このフェーズで活躍する企業群は下記の通り。

主なプレーヤー
  • 生産者:石油メジャー、国営石油企業
  • サブシー事業者(SURF Contractor):Technip FMC, Schlumberger, Subsea 7, Aker Solution

②液化

この工程は、掘った天然ガスをー160℃まで冷やし液体にする工程です。

天然ガスは液化すると体積が600分の1まで小さくなり輸送が簡単になります。

天然ガス液化の工程はざっくり説明すると下記です。

  1. ガスの前処理(天然ガスの不純物を取り除く)
  2. ガスの液化(冷媒を用いてー160℃まで冷やす)

ガスの前処理

この工程では、天然ガス中に含まれる水分、酸性ガス(CO2, H2S) や水銀、それからガス中に微量に含まれる液体成分(ペンタンより重たい成分、ベンゼンなど)を取り除きます。

これらを取り除く理由は下記の通り。

  • 水分:氷となり装置閉塞の原因となる
  • CO2:-80℃でドライアイスになり装置閉塞の原因となる
  • 水銀:液化工程で使用するアルミ製の熱交換器が腐食してしまうため
  • 液体成分:液化工程で固化し装置閉塞の原因となる
  • H2S:有害物質なため

除去が必要な理由は単純ですね。

それぞれの成分の除去方法については、別途記事を書く予定ですのでお楽しみに。

ガスの液化

ガス液化工程では、大きな熱交換器の中で冷媒と前処理工程を経て「キレイになった天然ガス」を熱交換させ、液化天然ガスを生産します。

液化技術としては、アメリカの産業ガス大手であるAPCI社が保有する「C3-MRプロセス」がメジャーであり、日系企業(日揮、千代田)によって手掛けられた液化プラントのほとんど全てがAPCI技術を用いています。

冷媒を作るためには大きなガスタービンコンプレッサーと呼ばれる回転機が必要となり、これらは液化プラントの中でも最も重要な装置であると言えます。

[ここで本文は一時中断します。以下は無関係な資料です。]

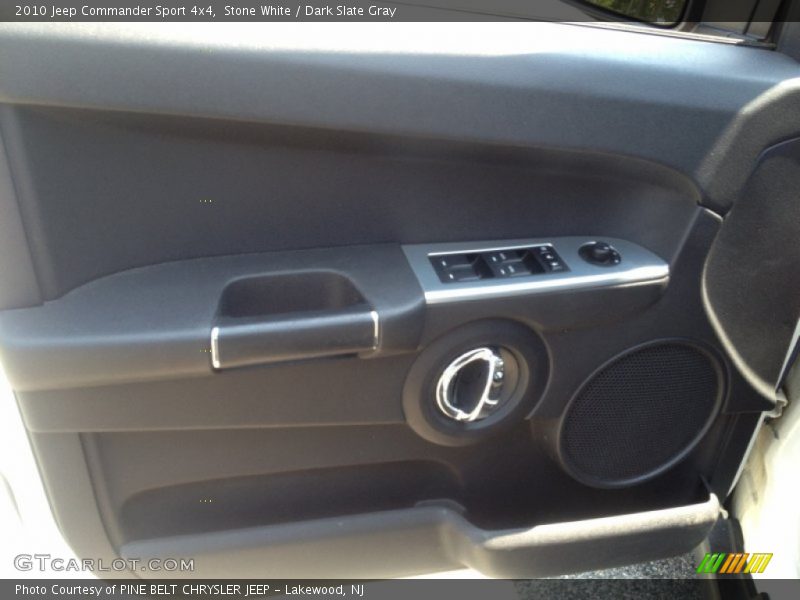 Stone White / Dark Slate Gray 2010 Jeep Commander Sport 4x4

ガス液化工程についても別途記事を書きますのでお楽しみに。

ちなみにこのガス液化工程における主要プレーヤーは下記の通り。

主なプレーヤー
  • 液化プラント事業者: 石油メジャー、国営石油企業
  • エンジニアリング会社:日揮、千代田、Technip、KBR、Bechtel
  • 液化ライセンサー:APCI、Conoco Philips、Black&Veatch
  • 回転機ベンダー:Siemens、Baker Hughes(旧GE Oil & Gas)
  • MACベンダー:横河電機、Scheneider Electric

③輸送

液体化した天然ガスを船により輸送する工程です。

LNGを運ぶ船はLNG Carrierと呼ばれ、-160℃の極低温の流体を運ぶためTank部分には入念な保温処理が施されています。

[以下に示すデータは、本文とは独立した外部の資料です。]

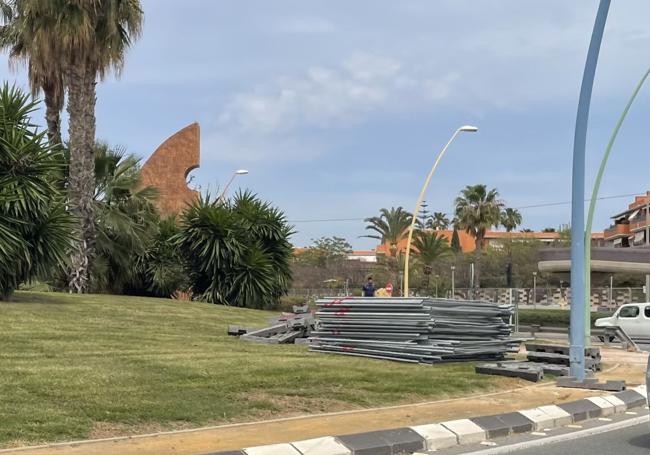 Vallas en la rotonda de la Santa Faz de Alicante.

ちなみに輸送過程で外からの入熱を完全に断ち切ることは不可能であるため、ガス化(Boil Off Gas : BOG)が生じます。

蒸発したガスはガスエンジンに送られCarrierの動力に使われるか、ボイラにて船員の生活熱源として使用されます。

LNGブームに伴い世界での消費量が増えていることから、Carrierは年々大型化が進み、近年では20万m3を超えるお化けのようなLNG船が用いられるようになってきました。

主なプレーヤー
  • 国内海運会社(日本郵船、商船三井、川崎汽船)
  • 海外海運会社(Maerskなど)
  • タンク製造技術:GTT

④消費

LNGの消費工程です。

海運輸送を経て国内ターミナルに到着すると、その後、LNGは蒸発器にかけられガスパイプを通してユーザーに届けられます。

主な用途は下記の通り

  • ガス火力発電
  • 都市ガス(生活用)
  • 産業ガス(工場熱源)

3.11以降、原子力発電がストップしたことにより、日本の電源構成における火力発電の比率が増しました。

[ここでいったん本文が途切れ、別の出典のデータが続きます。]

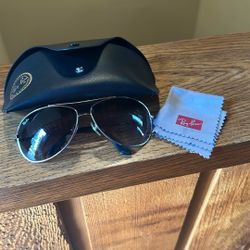 Ray-Ban Aviator Style Sunglasses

今でこそ太陽光発電が台頭してきてはいるものの、まだまだLNG依存からは抜け出せそうにありません。

まとめ

いかがでしたでしょうか?

今回は液化天然ガス(LNG)全体のサプライチェーンを見てきましたが、次回は液化工程の技術についてより詳細に解説したいと思います。

それでは最後まで読んで頂きありがとうございました。